Research & Papers

Granulon: Awakening Pixel-Level Visual Encoders with Adaptive Multi-Granularity Semantics for MLLM

New AI model dynamically adjusts visual detail from pixel-level to broad concepts based on text prompts.

Deep Dive

A research team led by Junyuan Mao has introduced Granulon, a new multimodal large language model (MLLM) designed to solve a fundamental limitation in current vision-language AI. Most MLLMs like GPT-4V rely on CLIP-based visual encoders, which excel at global semantic alignment (e.g., recognizing a "dog") but struggle with fine-grained details (e.g., identifying the dog's breed or a specific spot on its fur). In contrast, models like Meta's DINOv3 offer strong pixel-level perception but lack the ability to form high-level semantic concepts. Granulon bridges this gap by building on DINOv2/DINOv3 and making its visual understanding adaptive.

Granulon's core innovation is a two-part architecture that allows it to reason across multiple levels of visual detail dynamically. First, a text-conditioned 'granularity Controller' analyzes the user's query to determine the required level of visual abstraction—whether it needs pixel-perfect detail or a broader conceptual understanding. Second, an 'Adaptive Token Aggregation' module then processes the visual input accordingly, using granularity-guided pooling and clustering to produce a compact set of semantically rich visual tokens for the LLM. This enables what the authors call unified "pixel-to-fine-to-coarse" reasoning in a single forward pass.

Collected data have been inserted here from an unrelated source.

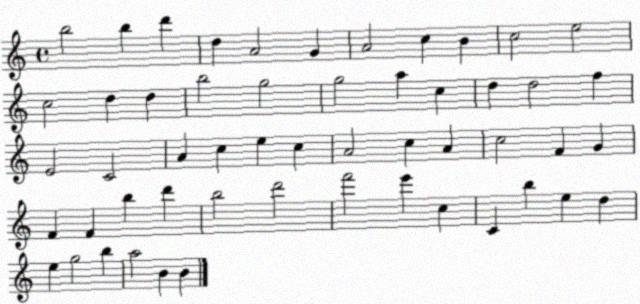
X:1
T:Untitled
M:4/4
L:1/4
K:C
b2 b d' d A2 G A2 c B c2 e2 c2 d d b2 g2 g2 a c d d2 f E2 C2 A c e c A2 c A c2 F G F F b d' b2 d'2 f'2 e' c C b e d e g2 b a2 B B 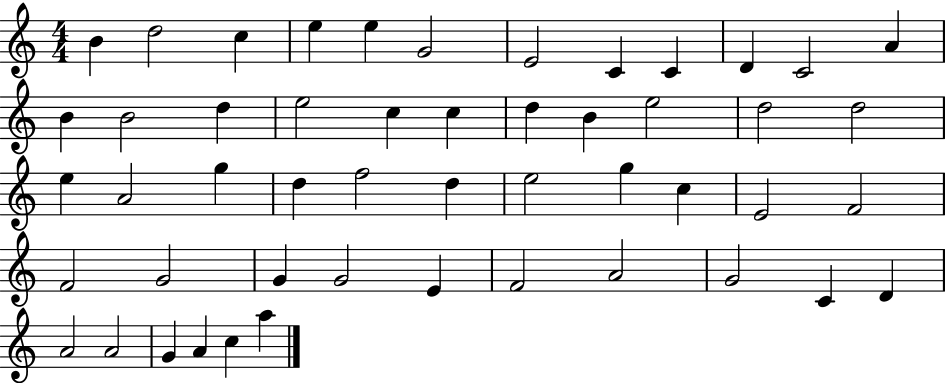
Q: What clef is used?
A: treble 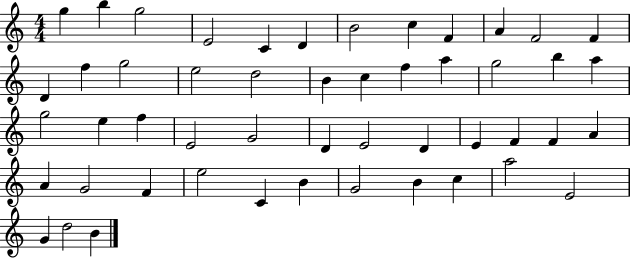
X:1
T:Untitled
M:4/4
L:1/4
K:C
g b g2 E2 C D B2 c F A F2 F D f g2 e2 d2 B c f a g2 b a g2 e f E2 G2 D E2 D E F F A A G2 F e2 C B G2 B c a2 E2 G d2 B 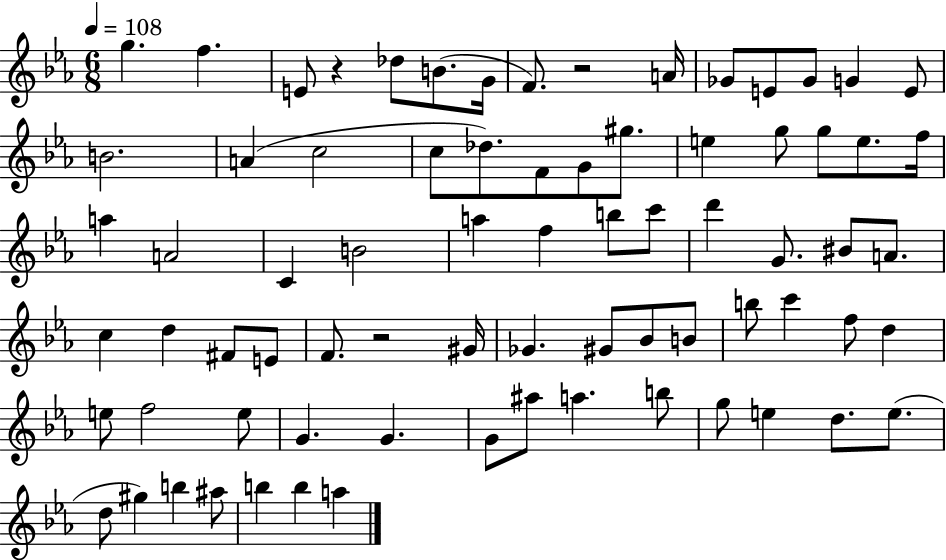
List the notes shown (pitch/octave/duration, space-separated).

G5/q. F5/q. E4/e R/q Db5/e B4/e. G4/s F4/e. R/h A4/s Gb4/e E4/e Gb4/e G4/q E4/e B4/h. A4/q C5/h C5/e Db5/e. F4/e G4/e G#5/e. E5/q G5/e G5/e E5/e. F5/s A5/q A4/h C4/q B4/h A5/q F5/q B5/e C6/e D6/q G4/e. BIS4/e A4/e. C5/q D5/q F#4/e E4/e F4/e. R/h G#4/s Gb4/q. G#4/e Bb4/e B4/e B5/e C6/q F5/e D5/q E5/e F5/h E5/e G4/q. G4/q. G4/e A#5/e A5/q. B5/e G5/e E5/q D5/e. E5/e. D5/e G#5/q B5/q A#5/e B5/q B5/q A5/q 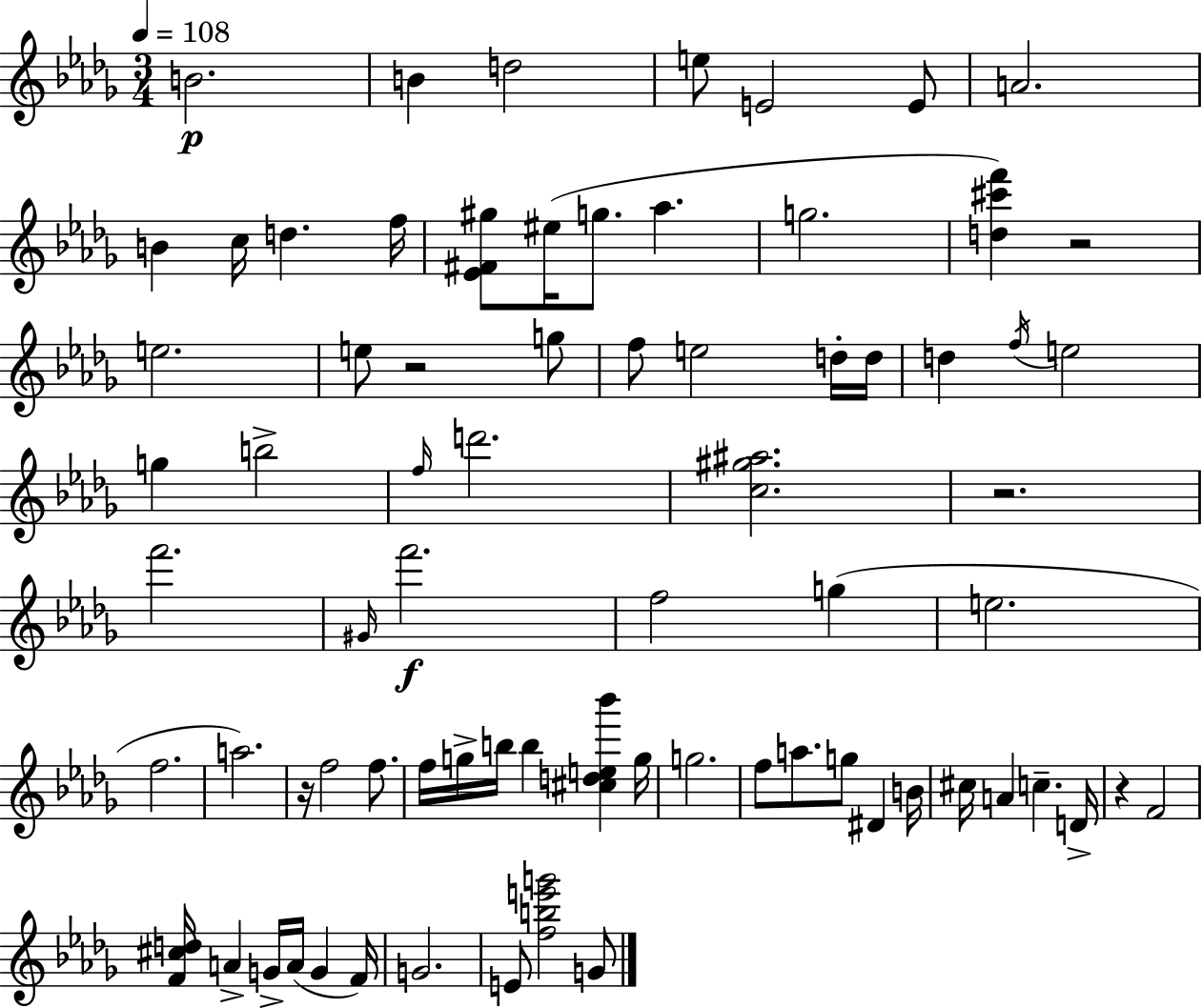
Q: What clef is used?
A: treble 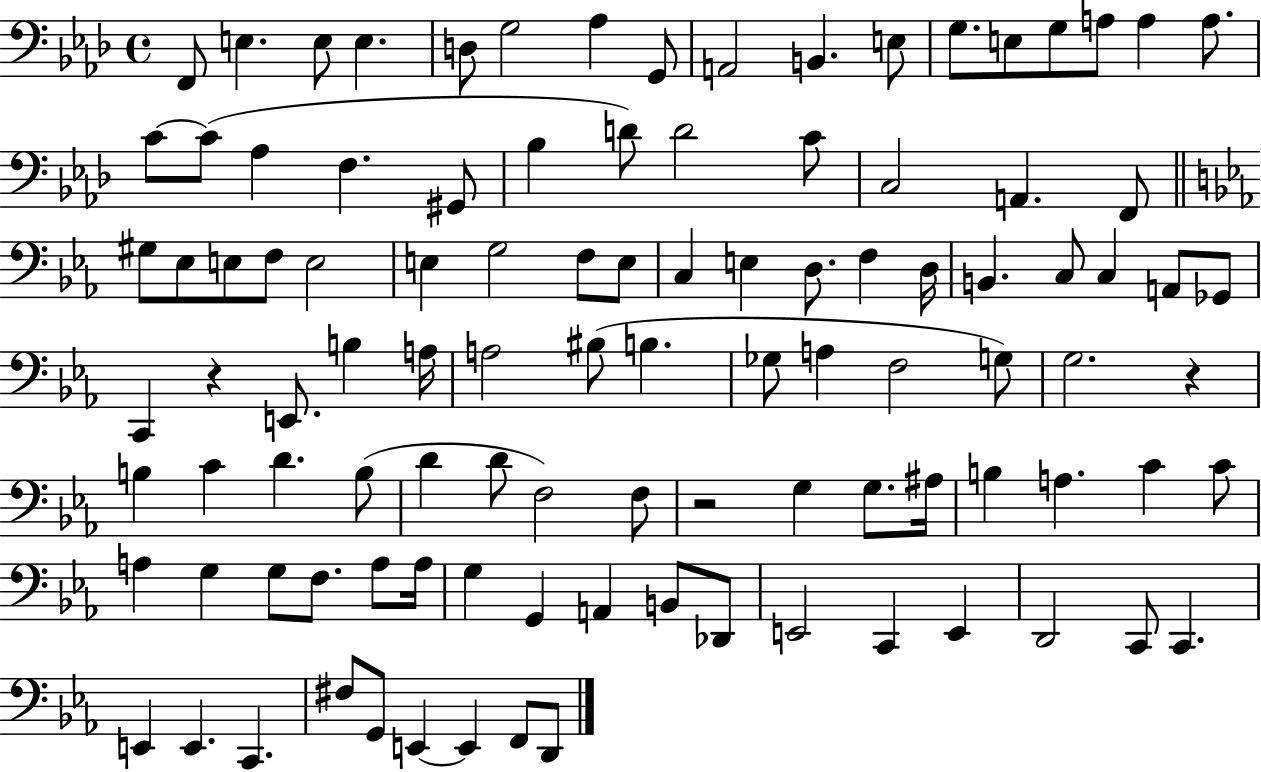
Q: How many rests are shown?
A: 3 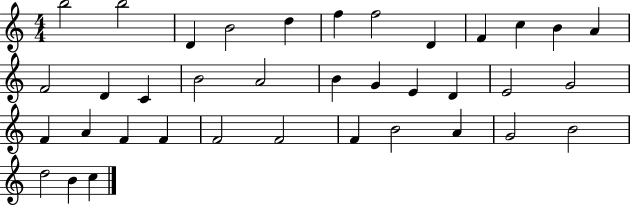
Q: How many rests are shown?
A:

The results are significant. In extensive testing, Granulon demonstrated a ~30% improvement in accuracy on tasks requiring detailed visual understanding and a ~20% reduction in visual hallucinations compared to models using CLIP or other visual encoders under identical settings. This performance leap suggests that the future of multimodal AI may not lie in a single, static visual encoder, but in systems that can fluidly adapt their 'visual focus' based on the conversation, much like a human would.

Key Points
  • Uses Meta's DINOv3 as a base for pixel-level perception, enhanced with new adaptive modules.
  • Dynamically adjusts visual processing granularity based on text query via a Controller and Token Aggregation module.
  • Achieves ~30% higher accuracy and ~20% fewer hallucinations than CLIP-based MLLMs in comparable tests.

Why It Matters

Enables AI to see and reason with appropriate detail, reducing errors in medical imaging, quality control, and detailed visual Q&A.